The Altes Museum and the Main Library

Responding to a question from Commissioner Sanger, Mr. Freed cited the Altes Museum in East Berlin (the "Old Museum," Berlin's oldest and Germany's second oldest museum, erected 1824-1830) as having partly inspired the atrium design.
This April 16, 1991 exchange between the late preservationist and San Francisco Library Commissioner Ellen Ramsey Sanger and architect James Ingo Freed reveals an important design inspiration for San Francisco Public Library's Main Library (completed in 1996).

Karl Friedrich Schinkel's Altes Museum, which according to Great Museums of Europe is one of the "finest examples of late Neoclassical architecture in Germany," is indeed a very lofty inspiration.  Schinkel is considered to have been the greatest German architect of the first half of the 19th century.

Like Freed's Main Library, the Altes Museum features a large circular open space in the building's center.


In the case of Schinkel's building this space is called the Rotunde, or rotunda.  Rotunda, the Latin word for round, means "a circular hall in a large building, esp. one covered by a cupola" -- a domed roof (see the Historic Architecture Sourcebook).

Google Streetview provides a virtual tour of the Altes Museum that starts at one of the entrances to the rotunda.

The view can be maneuvered upward to view the round glass dome / skylight at the summit of the building.  The attraction of a glass covered open space is the abundant natural light.

The central rotunda-like space at the Main Library is known as the atrium, a probably more accurate term since our space is not precisely capped by a dome.  Historically, an atrium is an open court to let in rain in a classical Roman house, but nowadays it means a vertical open space that connects multiple floors in a building.  (Unfortunately, sometimes during more intense El Niño storms our atrium has been known to let in rainwater).

Freed utilizes one of the significant feature's of Schinkel's rotunda -- linear spokes that radiate from a central circle into expanding circles.
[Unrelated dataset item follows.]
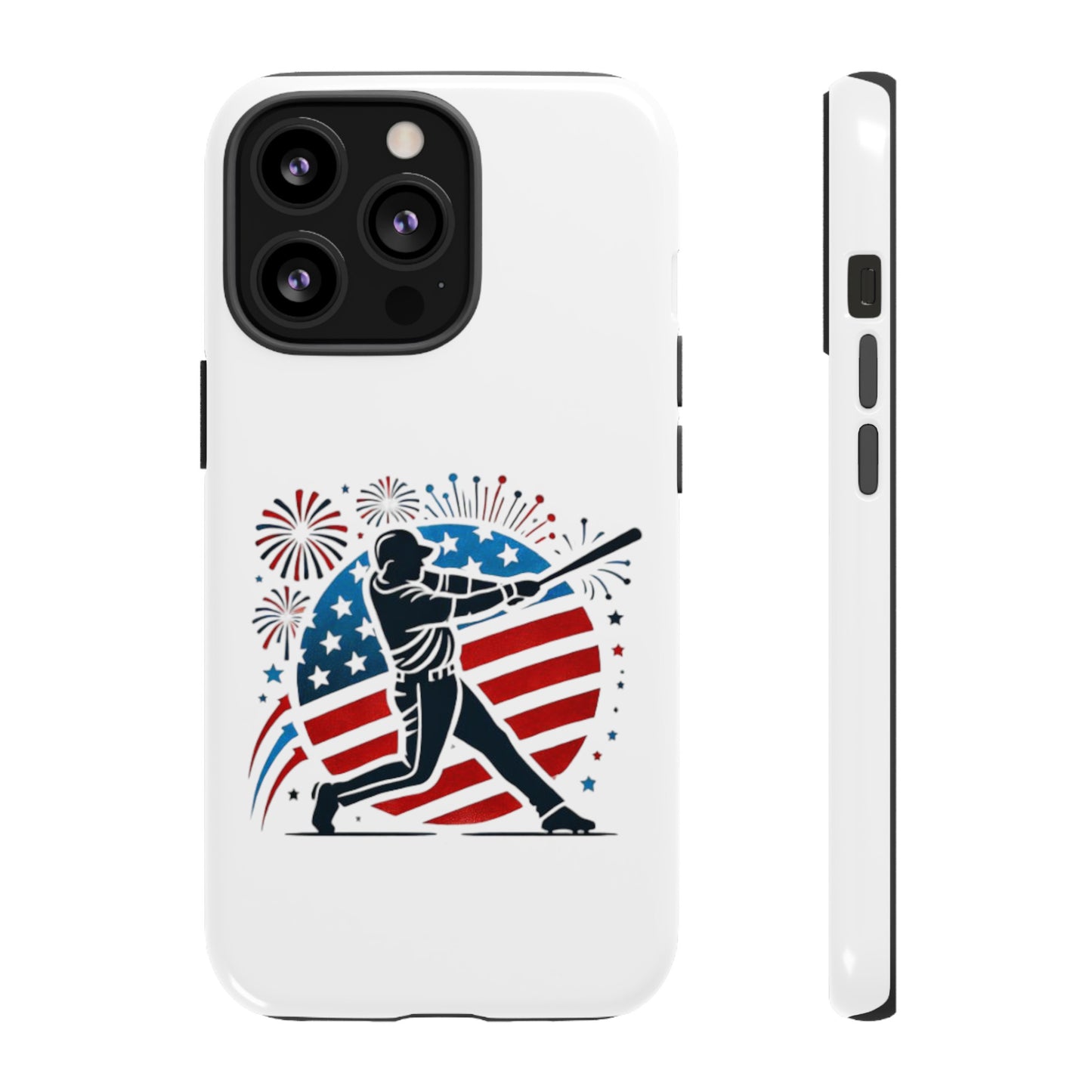 July 4th Baseball design Tough Cases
This view from above shows Freed's central circle two steps above the plane of the rest of the Library's first floor, directly in front of the security gates at the bottom left of this photograph.
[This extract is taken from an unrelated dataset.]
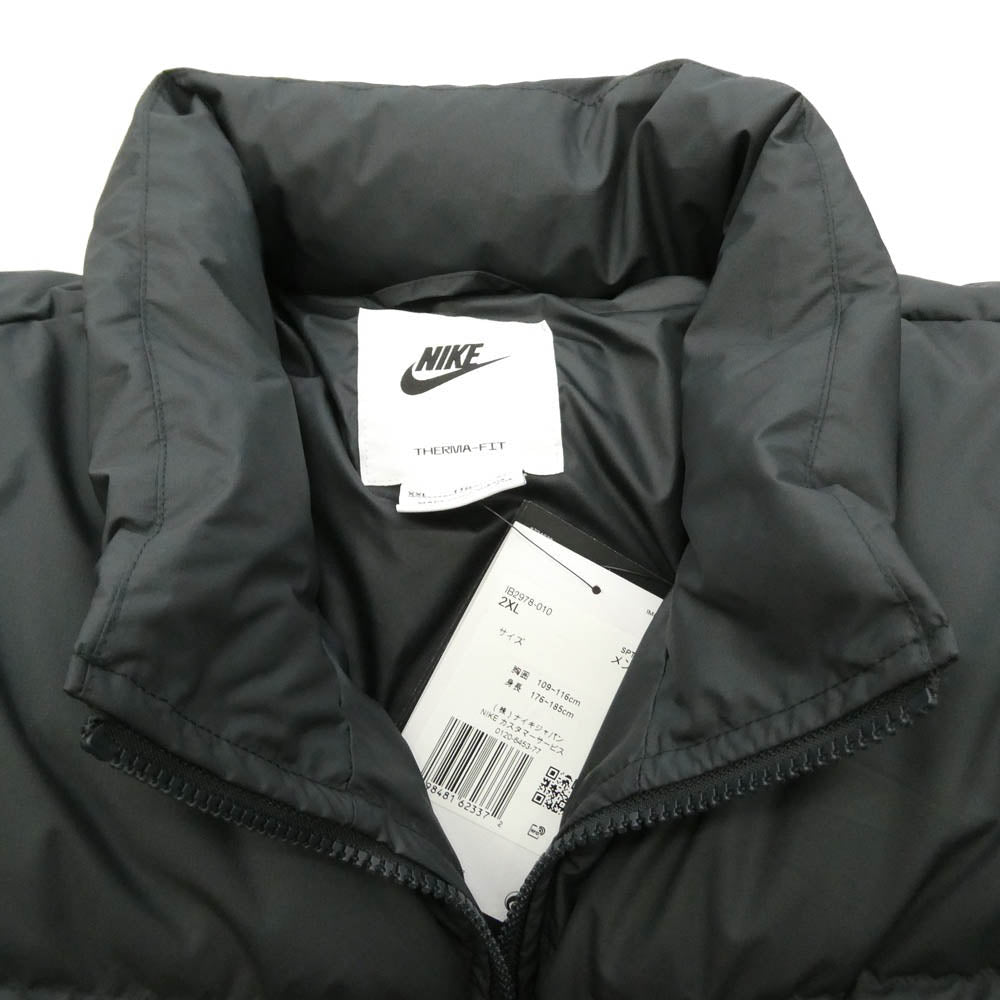 NIKE ナイキ IB2978-010 クラブ ダウン パファー ベスト ブラック系 XXL【新古品】【未使用】【中古】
source: The San Francisco Main Library: Space Planning, Design Development

The Main Floor Paving Plan from the building's schematic drawings show this pattern much more clearly.  The center of the radiating spokes and circles is considerable distance from the atrium's center (in the photograph above, the center is the darker circle in the middle of the atrium).

This is significant because this shifted succession of circles is reflected at the atrium's top with the so-called nautilus.  (A subject for discussion in a later entry).


One distinct feature of Schinkel's Altes Museum that is absent from the Main Library is the gallery of classical statues at the rotunda's edge, looking into the central, open space.

This lack in the Main Library's atrium was remedied for a moment immortalized in film when movie stars Meg Ryan and Nicholas Cage visited our building.


In 1997, the feature film City of Angels, mostly set and filmed in Los Angeles, employed the then newly-opened Main Library as a location.  This movie is set in a world where there are invisible, silent angels who co-inhabit the human realm.  Nicolas Cage's character is an angel who has crossed over into the human world.  The gallery of dark human figures are angels who would be invisible to the mortal eye.

Fittingly, City of Angels is an English language remake of Wim Wenders' 1987 film Himmel über Berlin (literally, Heaven Over Berlin), released in the United States as Wings of Desire.  In this subtle way City of Angels brings the original Berlin connection full circle.

Speaking of circles, the rotunda / atrium form is integrated into the Main Library building in many ways that will be described in a later entry.


Great Museums of Europe: The Dream of the Universal Museum (Rizzoli International, 2002).

Historic Architecture Sourcebook, edited by Cyril M. Harris (McGraw-Hill, 1977).

Public Library Commission, Meeting Minutes (City and County of San Francisco, April 16, 1991).

Sammlung architektonischer Entwürfe enthaltend theils Werke welche Ausgeführt sind: theils Gegenstände deren Ausführung beabsichtigt Wurde von Carl Friedrich Schinkel (Ernst & Korn, 1858).

The San Francisco Main Library: Space Planning, Design Development, April 25, 1991 (Pei Cobb Freed & Partners; Simon Martin-Vegue Winkelstein Morris, 1991). [part of the San Francisco History Center archival collection].